The input:
━━━━━━━━━━

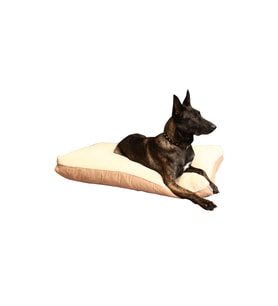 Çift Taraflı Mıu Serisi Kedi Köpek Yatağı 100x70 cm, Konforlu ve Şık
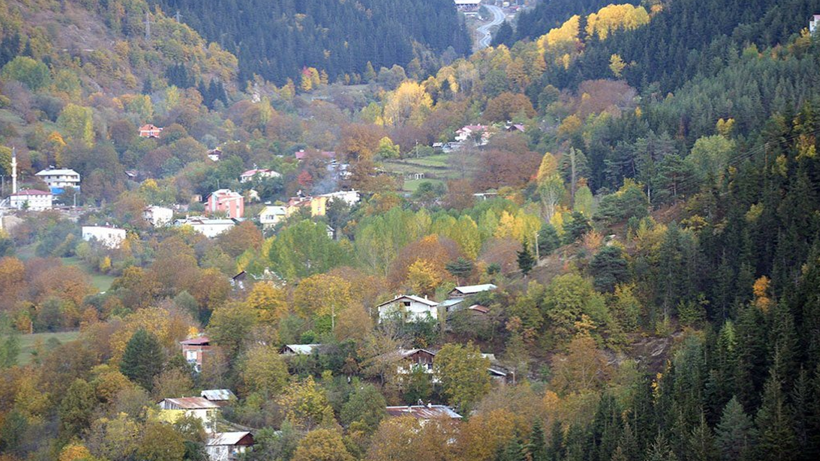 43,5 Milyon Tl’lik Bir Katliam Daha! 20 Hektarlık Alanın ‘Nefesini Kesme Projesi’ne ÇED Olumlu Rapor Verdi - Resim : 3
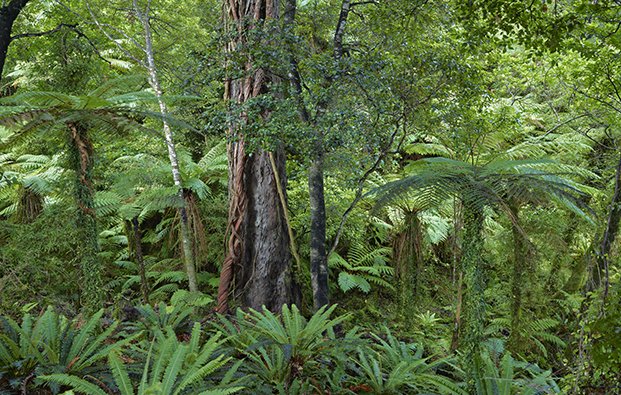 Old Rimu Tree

━━━━━━━━━━

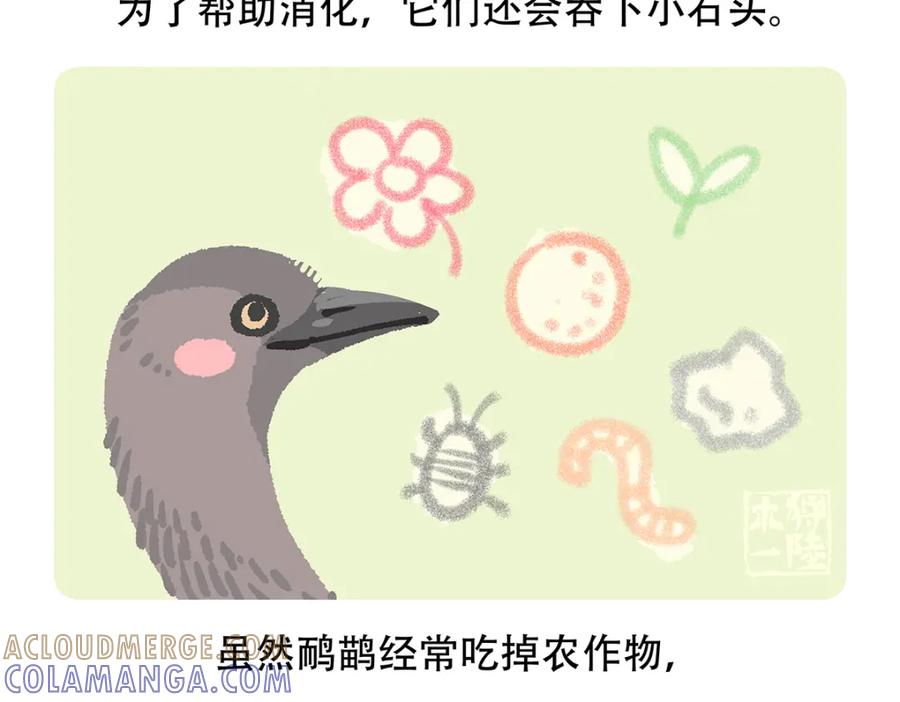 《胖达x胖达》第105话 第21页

━━━━━━━━━━

Copy the entries above exactly, but only the stretch from the line containing "Çift Taraflı Mıu" through the line containing "Old Rimu Tree". Keep both end lines; drop the pictures.

 Çift Taraflı Mıu Serisi Kedi Köpek Yatağı 100x70 cm, Konforlu ve Şık
 43,5 Milyon Tl’lik Bir Katliam Daha! 20 Hektarlık Alanın ‘Nefesini Kesme Projesi’ne ÇED Olumlu Rapor Verdi - Resim : 3
 Old Rimu Tree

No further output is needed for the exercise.